川崎汽船グループの皆様、新年あけましておめでとうございます。
2018年のスタートにあたって、ひとことご挨拶申し上げます。

  2017年は、世界が注目した米国の新大統領の就任とともに幕を開けました。トランプ大統領はアメリカ第一主義の信条を強く打ち出し、TPP(環太平洋経済連携協定)やパリ協定からの離脱を表明しました。ヨーロッパにおいても、EU離脱を決めたイギリスでは総選挙で与党が過半数を割り込みましたが、ドイツやフランス、オランダの国政選挙では、右派や反EU政党が躍進を見せ、反グローバリズムの支持の大きさが明らかになりました。保護主義の台頭は、グローバルな物流に携わる海運業界にとって今後の動きが懸念されるものです。

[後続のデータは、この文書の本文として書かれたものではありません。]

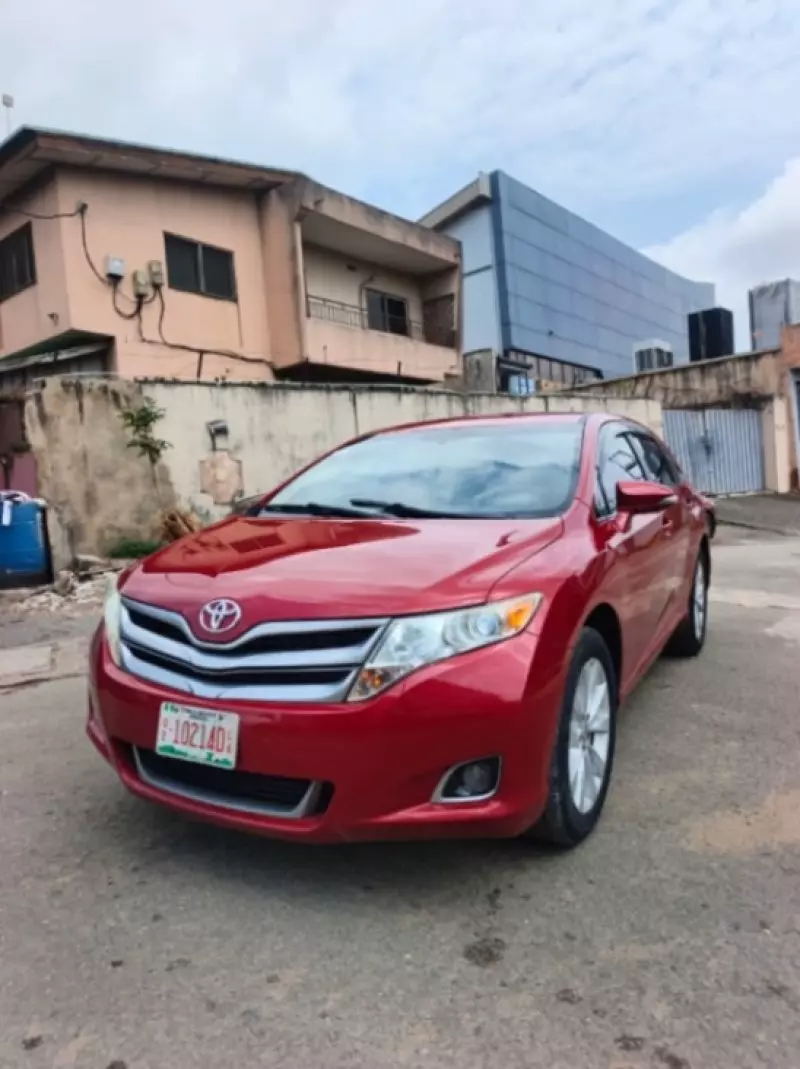 TOYOTA Venza   - 2013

また、過激派組織イスラム国が崩壊した後の中東情勢や、挑発的な行動を繰り返す北朝鮮などは、地政学的な不安定要因となっています。

  不透明感ある国際情勢ながら、世界経済は緩やかな上昇に転じています。米国や欧州、中国では経済成長が加速あるいは回復を見せ、日本においても海外景気の回復や好調な雇用を背景に企業業績が上向きました。世界的に経済活動が活発となったことで、2016年には金融危機以来最低を記録した世界経済の成長率は、昨年以降、上昇の度合いを強めていると見られています。

  グローバルな物流を事業基盤とする当社グループは、このような国際情勢や世界経済の影響を直接・間接的に受けながら事業を行っています。2016年度には、コンテナ船とドライバルクの両主要セグメントにおいて歴史的な市況低迷の荒波を受けましたが、今年度においては、船腹供給圧力が弱まった一方、国際的な海上貨物の荷動きは堅調に推移し、市況は底を脱し徐々に回復に向かっています。当社グループは、一昨年・昨年と二期にわたって行った大規模な構造改革による競争力の強化と、回復基調にある市況の修復を受け、2017年度上期の業績は最終赤字だった前年度から黒字に転換することができました。役職員一同の力を合わせた取り組みがようやく実って来たものといえますが、一方で需給バランスの本格的な回復には今暫く時間を要すると見られ、引き続き厳しい状況に備えておくことが必要です。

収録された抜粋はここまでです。